The other asked, "What happened?"
He said, "I went fishing and I caught such big fish that I could not
believe it. Even to carry one fish to the shore was difficult. And
the whole night I was fishing."
The other said, "This is nothing. You are saying you had the
greatest experience - the greatest experience happened to me. Last
night when I dreamt, what I saw I could not believe. On one side was
Marilyn Monroe, utterly nude; on the other side was Sophia Loren,
utterly nude."
The other man could not contain himself. He said, "Stop. Why did you
not call me? At such a moment! And what were you going to do with
two such women? One is enough for you; one you should think of for
your friend. You call me your best friend? - this is great
friendship."
The man said, "You haven′t heard the whole thing. I had gone to your
home to find you, but your wife said you had gone fishing!"
If life has not been a rich experience - if it has been a
repressive, religion-dominated, conditioned phenomenon - you cannot
do vipassana.
In twenty-five centuries, millions of people have been doing
vipassana. How many have become Gautam Buddhas? My own analysis is
very simple, but very significant: you should not repress anything
in your life. Live a non-repressive, joyous life. Soon you will find
all those joys and all those pleasures are empty.
Unless you have found through your own experience that pleasures are
not pleasures, but simply toys to keep you ignorant, to keep you
engaged... Once you have found that through your own experience -
remember that is most fundamental; it has to be your own experience
- then vipassana is the simplest meditation. You don′t have to go to
any businessman to learn it.
Buddha had never gone to S.N. Goenka. These kind of people existed
at that time too - businessmen who were ready to teach you at a
certain price.
I have never met or seen Goenka, but I saw one of his interviews. He
says that he met me in Madras. In my whole life I have been only
once in Madras, and I remember perfectly, I have not met any Goenka.
He is simply lying. And his Dharmagiri is not very far away from
here. If he wants to meet me he can come any day - perhaps a
five-hour drive. But he does not have the guts, because I am very
merciless. When I see a fox pretending to be a lion, then I do what
needs to be done: expose the fox, take away the hypocrisy.
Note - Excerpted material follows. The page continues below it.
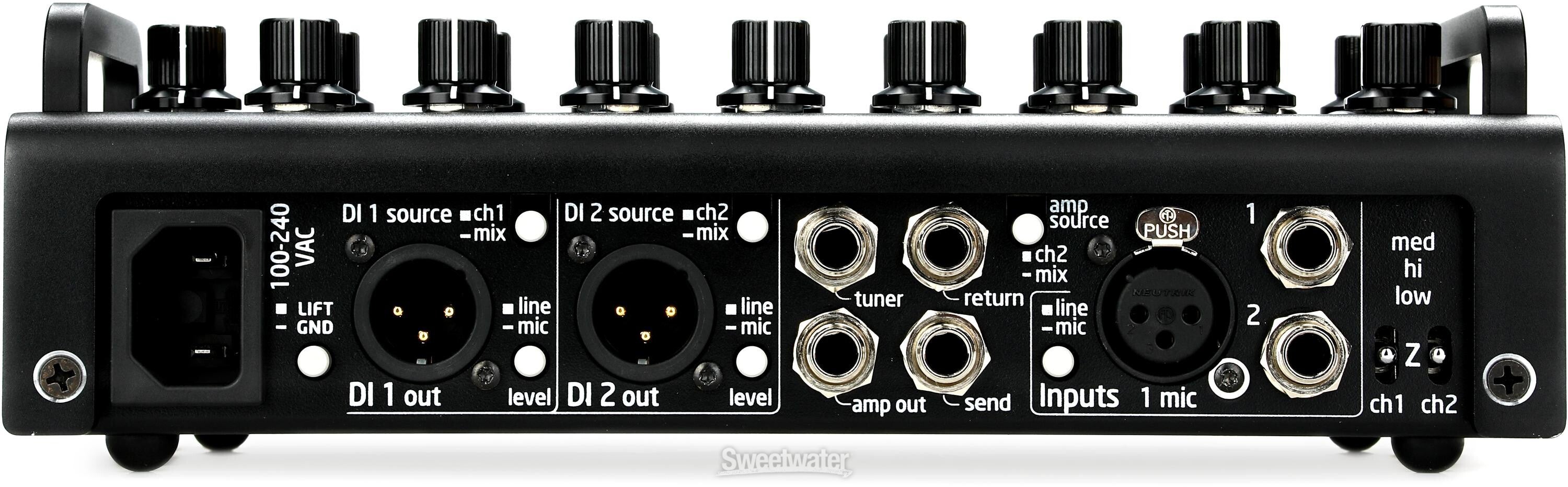 Grace Design Felix 2 Instrument Preamp/Blender - Black | Sweetwater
He has
not lived a life of love, he has not lived a life of pleasures; he
has not lived at all that which can create the context in which
vipassana is possible.
He is simply a refugee from Burma. And because Burma is a Buddhist
country, everybody knows what vipassana is; just as every Christian
knows the Christian prayer, every Buddhist knows vipassana. Coming
from Burma he knew the structure, intellectually, of what vipassana
is. And here he found many people searching for meditation.
And he does not create a situation in which to be associated with
him becomes dangerous for you. He is a non-controversial
businessman. You will not offend anybody if you go to Dharmagiri.
But if you come here, you don′t see many Indians here. The reason is
clear: to be associated with me in any way is to be condemned by the
outside society. People start saying that you have also been
hypnotized, you have also become corrupt.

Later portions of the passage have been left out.